Od dwóch lat żyję spokojnie bez mediów społecznościowych. Telefonu używam tylko do podstawowych czynności, czyli dzwonienia, robienia zdjęć czy do szukania potrzebnych mi informacji w wyszukiwarce. Pod tym względem jestem już całkowicie niezależna, chociaż kiedyś byłam od social mediów wręcz uzależniona. Miałam wszędzie założone konta, na których publikowałam mnóstwo treści i impulsywnie gromadziłam sobie publiczność pod postacią znajomych, których często widziałam tylko raz w życiu. Czekałam, aż ktoś zareaguje na te bzdury, które wypisywałam i po prostu tym żyłam. Na szczęście potem w pewnym momencie zdałam sobie sprawę, że moje zachowanie jest po prostu głupie.

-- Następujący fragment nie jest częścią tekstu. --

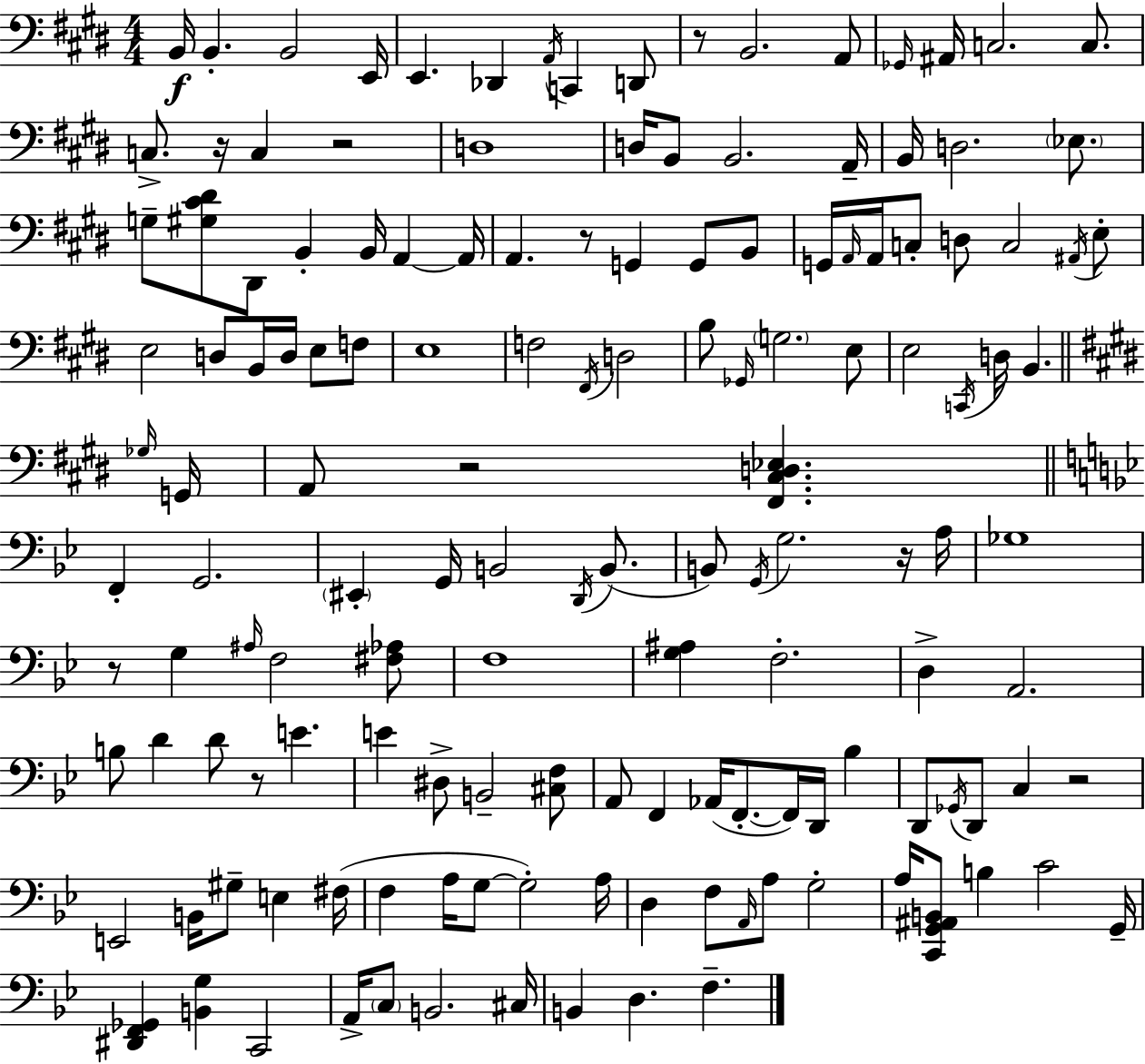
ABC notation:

X:1
T:Untitled
M:4/4
L:1/4
K:E
B,,/4 B,, B,,2 E,,/4 E,, _D,, A,,/4 C,, D,,/2 z/2 B,,2 A,,/2 _G,,/4 ^A,,/4 C,2 C,/2 C,/2 z/4 C, z2 D,4 D,/4 B,,/2 B,,2 A,,/4 B,,/4 D,2 _E,/2 G,/2 [^G,^C^D]/2 ^D,,/2 B,, B,,/4 A,, A,,/4 A,, z/2 G,, G,,/2 B,,/2 G,,/4 A,,/4 A,,/4 C,/2 D,/2 C,2 ^A,,/4 E,/2 E,2 D,/2 B,,/4 D,/4 E,/2 F,/2 E,4 F,2 ^F,,/4 D,2 B,/2 _G,,/4 G,2 E,/2 E,2 C,,/4 D,/4 B,, _G,/4 G,,/4 A,,/2 z2 [^F,,^C,D,_E,] F,, G,,2 ^E,, G,,/4 B,,2 D,,/4 B,,/2 B,,/2 G,,/4 G,2 z/4 A,/4 _G,4 z/2 G, ^A,/4 F,2 [^F,_A,]/2 F,4 [G,^A,] F,2 D, A,,2 B,/2 D D/2 z/2 E E ^D,/2 B,,2 [^C,F,]/2 A,,/2 F,, _A,,/4 F,,/2 F,,/4 D,,/4 _B, D,,/2 _G,,/4 D,,/2 C, z2 E,,2 B,,/4 ^G,/2 E, ^F,/4 F, A,/4 G,/2 G,2 A,/4 D, F,/2 A,,/4 A,/2 G,2 A,/4 [C,,G,,^A,,B,,]/2 B, C2 G,,/4 [^D,,F,,_G,,] [B,,G,] C,,2 A,,/4 C,/2 B,,2 ^C,/4 B,, D, F,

Wszyscy jesteśmy tak pochłonięci wirtualnym życiem, że prawdziwe po prostu nas mniej interesuje i przecieka nam przez palce. Krótko mówiąc usunęłam się ze wszystkich portali społecznościowych i już mnie tam nie ma, a co więcej – raczej już nigdy tam nie wrócę, ponieważ wybrałam prawdziwy świat. Jeśli chodzi o moją przyjaciółkę, to całkowicie oszalała na punkcie portali społecznościowych. Ma profile na różnych stronach i gorączkowo zbiera obserwujących. Codziennie publikuje jakieś zdjęcia, robi ankiety, sama aktywnie daje polubienia. Dwa miesiące temu na jednym z portali zaczął ją obserwować pewien facet, a nawet polubił jej kilka zdjęć i postów. Przyjaciółka oczywiście także odwiedziła jego profil aby zobaczyć, kto to jest i… po prostu się w nim się zakochała!

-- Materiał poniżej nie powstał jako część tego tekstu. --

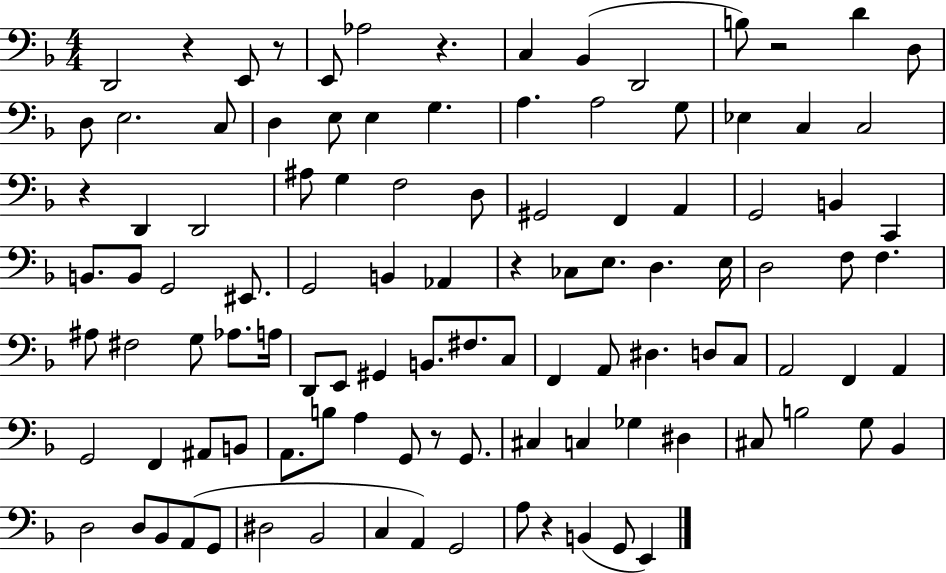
X:1
T:Untitled
M:4/4
L:1/4
K:F
D,,2 z E,,/2 z/2 E,,/2 _A,2 z C, _B,, D,,2 B,/2 z2 D D,/2 D,/2 E,2 C,/2 D, E,/2 E, G, A, A,2 G,/2 _E, C, C,2 z D,, D,,2 ^A,/2 G, F,2 D,/2 ^G,,2 F,, A,, G,,2 B,, C,, B,,/2 B,,/2 G,,2 ^E,,/2 G,,2 B,, _A,, z _C,/2 E,/2 D, E,/4 D,2 F,/2 F, ^A,/2 ^F,2 G,/2 _A,/2 A,/4 D,,/2 E,,/2 ^G,, B,,/2 ^F,/2 C,/2 F,, A,,/2 ^D, D,/2 C,/2 A,,2 F,, A,, G,,2 F,, ^A,,/2 B,,/2 A,,/2 B,/2 A, G,,/2 z/2 G,,/2 ^C, C, _G, ^D, ^C,/2 B,2 G,/2 _B,, D,2 D,/2 _B,,/2 A,,/2 G,,/2 ^D,2 _B,,2 C, A,, G,,2 A,/2 z B,, G,,/2 E,,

Mężczyzna ten jest biznesmenem, w dodatku bardzo przystojnym. Niestety, najważniejsze w tej całej sytuacji jest to, że ma on żonę i troje dzieci. Mimo tego przyjaciółka całe dnie i noce wyczekuje na jakieś polubienie z jego strony i od teraz każda nasza rozmowa zaczyna się od tego, że sprawdzała, kto dał jej polubienia i Paweł nie dał jej ani jednego, chociaż był aktywny. Oczywiście mówiłam jej, żeby się uspokoiła, bo po pierwsze, jest żonaty, więc głupotą jest coś sobie wyobrażać, w dodatku jest zapracowanym facetem, który nie ma czasu przesiadywać non stop w mediach społecznościowych. Po drugie to, że polubił jej kilka zdjęć tak naprawdę nic nie ozancza!

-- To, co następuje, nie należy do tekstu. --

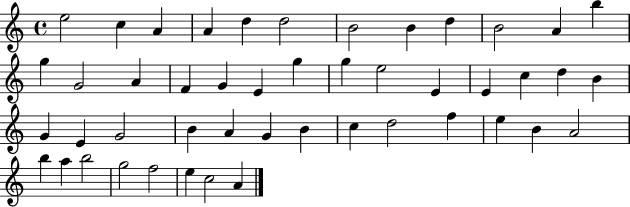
X:1
T:Untitled
M:4/4
L:1/4
K:C
e2 c A A d d2 B2 B d B2 A b g G2 A F G E g g e2 E E c d B G E G2 B A G B c d2 f e B A2 b a b2 g2 f2 e c2 A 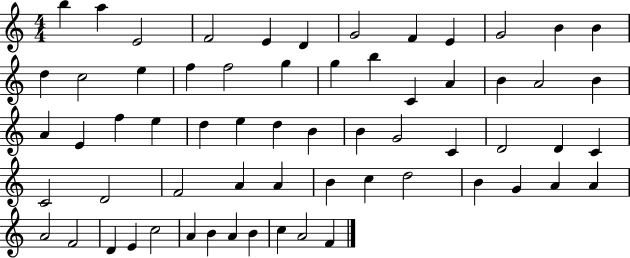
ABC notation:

X:1
T:Untitled
M:4/4
L:1/4
K:C
b a E2 F2 E D G2 F E G2 B B d c2 e f f2 g g b C A B A2 B A E f e d e d B B G2 C D2 D C C2 D2 F2 A A B c d2 B G A A A2 F2 D E c2 A B A B c A2 F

Moja przyjaciółka uważała zupełnie co innego i dla niej był to znak, że powinna dalej działać. Niedawno polubił jakieś jej zdjęcie, więc kobieta długo nie czekając napisała do niego z propozycją, aby się poznali. Mężczyzna odczytał jej wiadomość, ale nic nie odpisał. Przyjaciółka zaczęła więc prawdziwą histerię, bo to jej mężczyzna marzeń, więc chce go poznać, a on tak po prostu nic nie odpisał! Teraz codziennie słucham od niej o tym, jacy to mężczyźni są źli i jak można dawać polubienia a potem nie chcieć się poznać?! Dla mnie to zabawne, że ludzie tak poważnie mogą traktować wirtualne życie. Chociaż kiedy dłużej o tym myślę, to bardziej smutne niż zabawne.
Trzeba żyć w świecie realnym, chociaż wiem, że wiele osób bardziej woli świat wirtualny, ponieważ w nim można być kimkolwiek się chce – najważniejsze, aby zrobić odpowiednie zdjęcie i udawać, że prowadzi się modny styl życia, wtedy jest się gwiazdą nawet, jeżeli w świecie realnym nie osiągnęło się niczego.